Explore Water

Aquatic Habitat Restoration

Providing technical assistance to parks in the design and conduct of aquatic habitat restoration projects is another active component of the National Park Service's Fisheries Program.

Large mountainous parks are usually located at the top of their watersheds and often their aquatic habitats have been little disturbed physically. However, many parks are at lower points in the watershed and can be greatly influenced by alterations to the rivers, streams, or lakes that occur both within and outside of the park. In addition, some areas within parks were altered prior to the area being designated as a national park unit. Therefore, many parks have a need to implement aquatic habitat restoration projects in order to return these areas to their natural condition.

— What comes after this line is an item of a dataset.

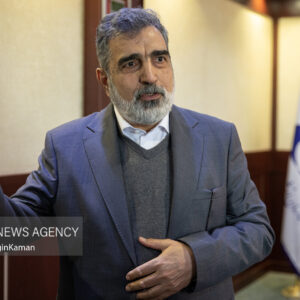 ۱۲ روز زیر آتش؛ روایت کمالوندی از حمله به تاسیسات هسته‌ای ایران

Aquatic habitat restoration projects have included such actions as restoring stream access for salmon and steelhead spawning migrations in Santa Monica Mountains National Recreation Area, Point Reyes National Seashore, and Redwoods National Park; recreating cover and woody debris in streams which have lost this valuable fish habitat due to logging and removal of streamside vegetation in Olympic National Park and Redwoods National Park; reestablishing natural stream bed channels and meanders in Glacier National Park, Golden Gate National Recreation Area, St Croix National Scenic Riverway, and Great Smoky Mountains National Park; dam removal, culvert replacements, and stream bank erosion control in Rocky Mountain National Park, Gettysburg National Historical Park, and Fort Laramie National Historic Site; and, reducing the hydrological and ecological impacts of commercial oyster farming at Point Reyes National Seashore.